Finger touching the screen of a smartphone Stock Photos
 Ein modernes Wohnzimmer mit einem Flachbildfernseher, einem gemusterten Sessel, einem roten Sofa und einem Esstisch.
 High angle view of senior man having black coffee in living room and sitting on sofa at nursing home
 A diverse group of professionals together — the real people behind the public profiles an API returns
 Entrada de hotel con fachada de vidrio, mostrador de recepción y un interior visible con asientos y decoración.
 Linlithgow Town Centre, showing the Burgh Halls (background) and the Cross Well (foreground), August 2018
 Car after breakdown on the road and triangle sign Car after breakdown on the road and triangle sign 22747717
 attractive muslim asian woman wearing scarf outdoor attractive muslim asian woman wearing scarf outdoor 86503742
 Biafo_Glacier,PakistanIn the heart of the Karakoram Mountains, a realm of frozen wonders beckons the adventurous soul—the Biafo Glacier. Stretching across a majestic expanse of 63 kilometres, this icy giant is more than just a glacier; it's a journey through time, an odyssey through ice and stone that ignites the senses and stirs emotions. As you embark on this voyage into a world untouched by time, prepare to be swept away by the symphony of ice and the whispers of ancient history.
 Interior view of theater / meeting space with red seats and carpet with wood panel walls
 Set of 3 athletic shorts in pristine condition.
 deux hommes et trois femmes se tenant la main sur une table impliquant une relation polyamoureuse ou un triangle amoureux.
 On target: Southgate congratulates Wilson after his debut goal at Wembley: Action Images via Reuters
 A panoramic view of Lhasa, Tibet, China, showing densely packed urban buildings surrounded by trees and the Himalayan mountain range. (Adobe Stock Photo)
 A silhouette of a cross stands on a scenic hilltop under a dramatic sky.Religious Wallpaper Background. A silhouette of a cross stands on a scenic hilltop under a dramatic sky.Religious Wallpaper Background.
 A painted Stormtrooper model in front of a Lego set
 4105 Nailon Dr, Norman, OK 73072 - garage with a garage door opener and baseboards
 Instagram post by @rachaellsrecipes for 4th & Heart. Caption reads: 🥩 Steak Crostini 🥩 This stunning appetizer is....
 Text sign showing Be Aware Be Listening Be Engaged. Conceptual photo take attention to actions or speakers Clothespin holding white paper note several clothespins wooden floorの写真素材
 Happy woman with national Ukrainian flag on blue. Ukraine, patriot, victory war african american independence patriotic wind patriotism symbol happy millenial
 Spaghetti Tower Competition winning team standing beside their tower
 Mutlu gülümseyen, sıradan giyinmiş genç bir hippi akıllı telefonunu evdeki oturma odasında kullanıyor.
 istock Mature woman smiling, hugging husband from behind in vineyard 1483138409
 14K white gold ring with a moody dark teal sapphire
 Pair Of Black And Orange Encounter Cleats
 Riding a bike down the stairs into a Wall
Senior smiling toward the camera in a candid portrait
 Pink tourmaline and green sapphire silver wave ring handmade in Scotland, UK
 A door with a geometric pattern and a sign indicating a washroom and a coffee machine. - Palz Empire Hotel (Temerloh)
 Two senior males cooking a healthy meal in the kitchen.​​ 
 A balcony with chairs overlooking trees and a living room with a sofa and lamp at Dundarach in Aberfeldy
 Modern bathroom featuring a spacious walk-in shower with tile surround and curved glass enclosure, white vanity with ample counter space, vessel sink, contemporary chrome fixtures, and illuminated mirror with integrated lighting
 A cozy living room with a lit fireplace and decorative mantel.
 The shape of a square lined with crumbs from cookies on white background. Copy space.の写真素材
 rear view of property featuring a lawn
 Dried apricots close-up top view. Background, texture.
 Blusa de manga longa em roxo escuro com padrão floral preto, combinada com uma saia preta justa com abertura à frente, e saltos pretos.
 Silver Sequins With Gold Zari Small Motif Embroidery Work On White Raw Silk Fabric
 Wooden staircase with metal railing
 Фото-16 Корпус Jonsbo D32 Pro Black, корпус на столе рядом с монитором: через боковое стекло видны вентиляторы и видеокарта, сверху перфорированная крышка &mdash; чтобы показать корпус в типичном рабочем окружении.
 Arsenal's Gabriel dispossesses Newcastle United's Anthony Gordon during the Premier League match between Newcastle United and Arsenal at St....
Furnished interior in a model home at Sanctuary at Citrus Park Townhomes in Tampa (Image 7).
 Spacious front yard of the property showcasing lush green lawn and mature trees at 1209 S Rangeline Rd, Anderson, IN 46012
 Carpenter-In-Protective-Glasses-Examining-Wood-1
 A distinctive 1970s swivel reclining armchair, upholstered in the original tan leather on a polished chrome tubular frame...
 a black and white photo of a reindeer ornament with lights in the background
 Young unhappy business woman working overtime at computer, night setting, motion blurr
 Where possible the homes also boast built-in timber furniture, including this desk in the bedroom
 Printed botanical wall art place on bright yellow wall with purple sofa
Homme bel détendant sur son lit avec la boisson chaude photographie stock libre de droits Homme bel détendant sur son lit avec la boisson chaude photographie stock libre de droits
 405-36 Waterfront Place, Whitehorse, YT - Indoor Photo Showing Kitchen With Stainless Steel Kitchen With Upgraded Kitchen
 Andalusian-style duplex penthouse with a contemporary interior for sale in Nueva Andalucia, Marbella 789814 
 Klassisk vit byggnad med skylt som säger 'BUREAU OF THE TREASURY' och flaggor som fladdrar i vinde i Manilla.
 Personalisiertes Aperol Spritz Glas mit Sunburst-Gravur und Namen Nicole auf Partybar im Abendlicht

- - -

Every entry above must be returned word for word.

Task response —
Finger touching the screen of a smartphone Stock Photos
 Ein modernes Wohnzimmer mit einem Flachbildfernseher, einem gemusterten Sessel, einem roten Sofa und einem Esstisch.
 High angle view of senior man having black coffee in living room and sitting on sofa at nursing home
 A diverse group of professionals together — the real people behind the public profiles an API returns
 Entrada de hotel con fachada de vidrio, mostrador de recepción y un interior visible con asientos y decoración.
 Linlithgow Town Centre, showing the Burgh Halls (background) and the Cross Well (foreground), August 2018
 Car after breakdown on the road and triangle sign Car after breakdown on the road and triangle sign 22747717
 attractive muslim asian woman wearing scarf outdoor attractive muslim asian woman wearing scarf outdoor 86503742
 Biafo_Glacier,PakistanIn the heart of the Karakoram Mountains, a realm of frozen wonders beckons the adventurous soul—the Biafo Glacier. Stretching across a majestic expanse of 63 kilometres, this icy giant is more than just a glacier; it's a journey through time, an odyssey through ice and stone that ignites the senses and stirs emotions. As you embark on this voyage into a world untouched by time, prepare to be swept away by the symphony of ice and the whispers of ancient history.
 Interior view of theater / meeting space with red seats and carpet with wood panel walls
 Set of 3 athletic shorts in pristine condition.
 deux hommes et trois femmes se tenant la main sur une table impliquant une relation polyamoureuse ou un triangle amoureux.
 On target: Southgate congratulates Wilson after his debut goal at Wembley: Action Images via Reuters
 A panoramic view of Lhasa, Tibet, China, showing densely packed urban buildings surrounded by trees and the Himalayan mountain range. (Adobe Stock Photo)
 A silhouette of a cross stands on a scenic hilltop under a dramatic sky.Religious Wallpaper Background. A silhouette of a cross stands on a scenic hilltop under a dramatic sky.Religious Wallpaper Background.
 A painted Stormtrooper model in front of a Lego set
 4105 Nailon Dr, Norman, OK 73072 - garage with a garage door opener and baseboards
 Instagram post by @rachaellsrecipes for 4th & Heart. Caption reads: 🥩 Steak Crostini 🥩 This stunning appetizer is....
 Text sign showing Be Aware Be Listening Be Engaged. Conceptual photo take attention to actions or speakers Clothespin holding white paper note several clothespins wooden floorの写真素材
 Happy woman with national Ukrainian flag on blue. Ukraine, patriot, victory war african american independence patriotic wind patriotism symbol happy millenial
 Spaghetti Tower Competition winning team standing beside their tower
 Mutlu gülümseyen, sıradan giyinmiş genç bir hippi akıllı telefonunu evdeki oturma odasında kullanıyor.
 istock Mature woman smiling, hugging husband from behind in vineyard 1483138409
 14K white gold ring with a moody dark teal sapphire
 Pair Of Black And Orange Encounter Cleats
 Riding a bike down the stairs into a Wall
Senior smiling toward the camera in a candid portrait
 Pink tourmaline and green sapphire silver wave ring handmade in Scotland, UK
 A door with a geometric pattern and a sign indicating a washroom and a coffee machine. - Palz Empire Hotel (Temerloh)
 Two senior males cooking a healthy meal in the kitchen.​​ 
 A balcony with chairs overlooking trees and a living room with a sofa and lamp at Dundarach in Aberfeldy
 Modern bathroom featuring a spacious walk-in shower with tile surround and curved glass enclosure, white vanity with ample counter space, vessel sink, contemporary chrome fixtures, and illuminated mirror with integrated lighting
 A cozy living room with a lit fireplace and decorative mantel.
 The shape of a square lined with crumbs from cookies on white background. Copy space.の写真素材
 rear view of property featuring a lawn
 Dried apricots close-up top view. Background, texture.
 Blusa de manga longa em roxo escuro com padrão floral preto, combinada com uma saia preta justa com abertura à frente, e saltos pretos.
 Silver Sequins With Gold Zari Small Motif Embroidery Work On White Raw Silk Fabric
 Wooden staircase with metal railing
 Фото-16 Корпус Jonsbo D32 Pro Black, корпус на столе рядом с монитором: через боковое стекло видны вентиляторы и видеокарта, сверху перфорированная крышка &mdash; чтобы показать корпус в типичном рабочем окружении.
 Arsenal's Gabriel dispossesses Newcastle United's Anthony Gordon during the Premier League match between Newcastle United and Arsenal at St....
Furnished interior in a model home at Sanctuary at Citrus Park Townhomes in Tampa (Image 7).
 Spacious front yard of the property showcasing lush green lawn and mature trees at 1209 S Rangeline Rd, Anderson, IN 46012
 Carpenter-In-Protective-Glasses-Examining-Wood-1
 A distinctive 1970s swivel reclining armchair, upholstered in the original tan leather on a polished chrome tubular frame...
 a black and white photo of a reindeer ornament with lights in the background
 Young unhappy business woman working overtime at computer, night setting, motion blurr
 Where possible the homes also boast built-in timber furniture, including this desk in the bedroom
 Printed botanical wall art place on bright yellow wall with purple sofa
Homme bel détendant sur son lit avec la boisson chaude photographie stock libre de droits Homme bel détendant sur son lit avec la boisson chaude photographie stock libre de droits
 405-36 Waterfront Place, Whitehorse, YT - Indoor Photo Showing Kitchen With Stainless Steel Kitchen With Upgraded Kitchen
 Andalusian-style duplex penthouse with a contemporary interior for sale in Nueva Andalucia, Marbella 789814 
 Klassisk vit byggnad med skylt som säger 'BUREAU OF THE TREASURY' och flaggor som fladdrar i vinde i Manilla.
 Personalisiertes Aperol Spritz Glas mit Sunburst-Gravur und Namen Nicole auf Partybar im Abendlicht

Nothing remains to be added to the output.